[[ Data, beginning ]]

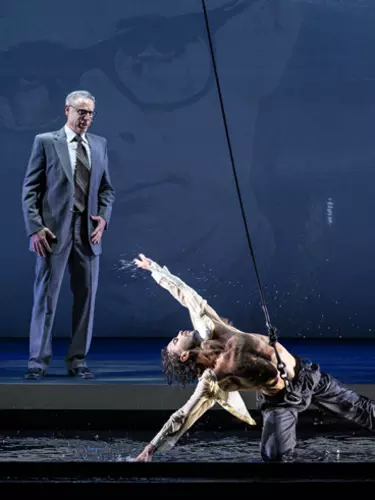 A white man with grey hair in a suit stands looking at a male dancer knelt on the floor. The dancer wears a harness and is dancing in water.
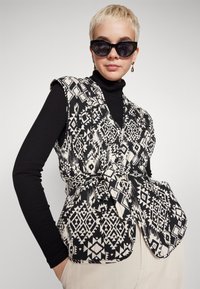 Gilet a fantasia in bianco e nero con vita cintata, realizzato in un tessuto leggero. Indossato sopra un dolcevita nero, con ampie aperture per le braccia.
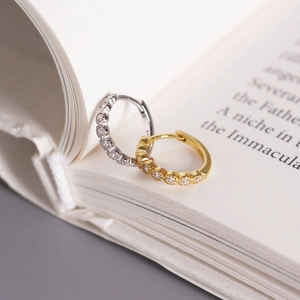 S925 sterling silver hoop earrings with pavé cubic zirconia on an open book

[[ Data, end ]]

Every line from the one bearing "Gilet a fantasia" through the end of the data above must be output exactly, and no picture may appear.

 Gilet a fantasia in bianco e nero con vita cintata, realizzato in un tessuto leggero. Indossato sopra un dolcevita nero, con ampie aperture per le braccia.
 S925 sterling silver hoop earrings with pavé cubic zirconia on an open book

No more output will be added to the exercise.